BEGIN Supplied records
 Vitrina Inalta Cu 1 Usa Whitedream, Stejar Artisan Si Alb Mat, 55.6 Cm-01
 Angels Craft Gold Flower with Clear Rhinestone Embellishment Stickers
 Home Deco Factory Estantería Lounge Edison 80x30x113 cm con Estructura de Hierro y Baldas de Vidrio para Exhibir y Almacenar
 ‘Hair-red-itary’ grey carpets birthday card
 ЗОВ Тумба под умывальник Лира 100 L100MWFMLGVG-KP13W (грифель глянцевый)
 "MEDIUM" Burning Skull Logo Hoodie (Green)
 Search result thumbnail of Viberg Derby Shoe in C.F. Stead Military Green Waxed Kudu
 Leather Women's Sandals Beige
END Supplied records
BEGIN Supplied records
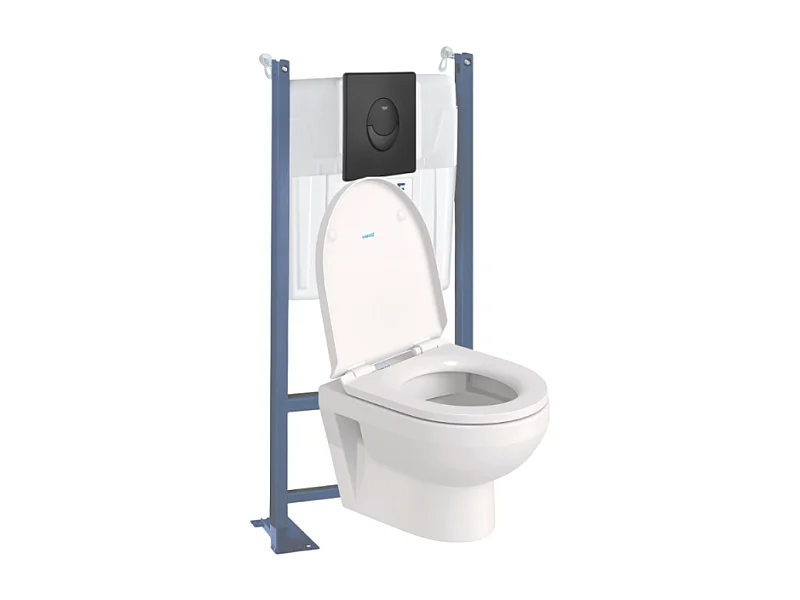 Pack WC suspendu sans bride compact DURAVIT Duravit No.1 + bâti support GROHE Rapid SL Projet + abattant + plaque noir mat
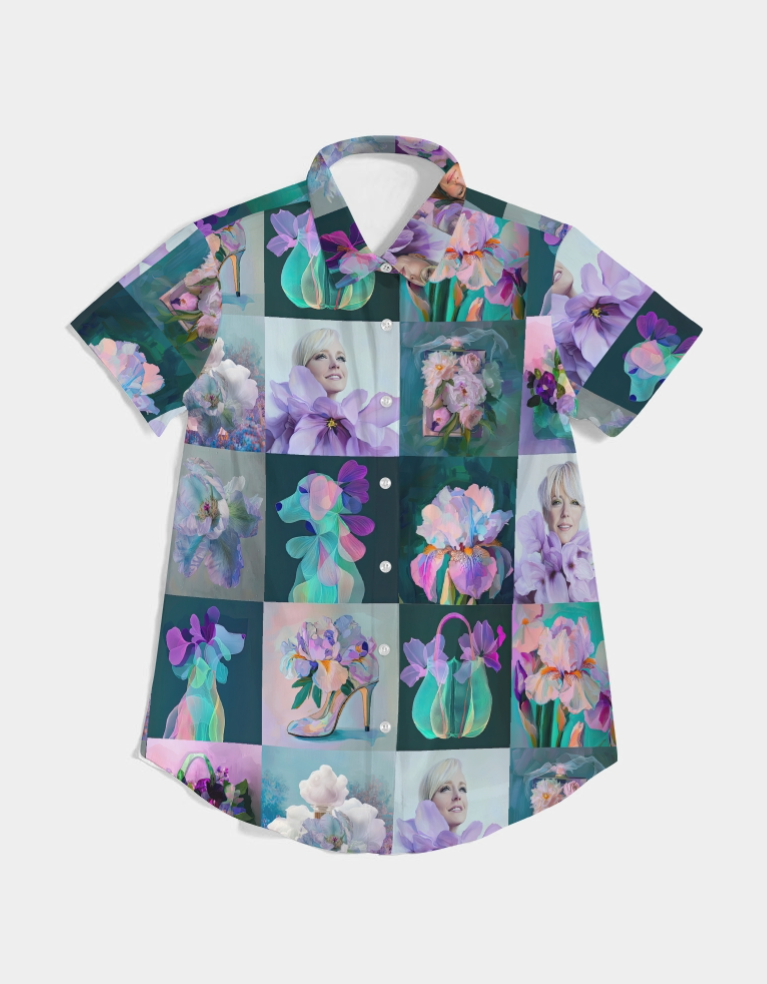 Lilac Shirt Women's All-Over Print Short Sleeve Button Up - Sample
END Supplied records
* _Brief_: Going down the listing above, begin printing at the line with "Home Deco Factory" and finish with the line with "Leather Women's Sandals Beige", exactly as they appear.

* _Task output_:
 Home Deco Factory Estantería Lounge Edison 80x30x113 cm con Estructura de Hierro y Baldas de Vidrio para Exhibir y Almacenar
 ‘Hair-red-itary’ grey carpets birthday card
 ЗОВ Тумба под умывальник Лира 100 L100MWFMLGVG-KP13W (грифель глянцевый)
 "MEDIUM" Burning Skull Logo Hoodie (Green)
 Search result thumbnail of Viberg Derby Shoe in C.F. Stead Military Green Waxed Kudu
 Leather Women's Sandals Beige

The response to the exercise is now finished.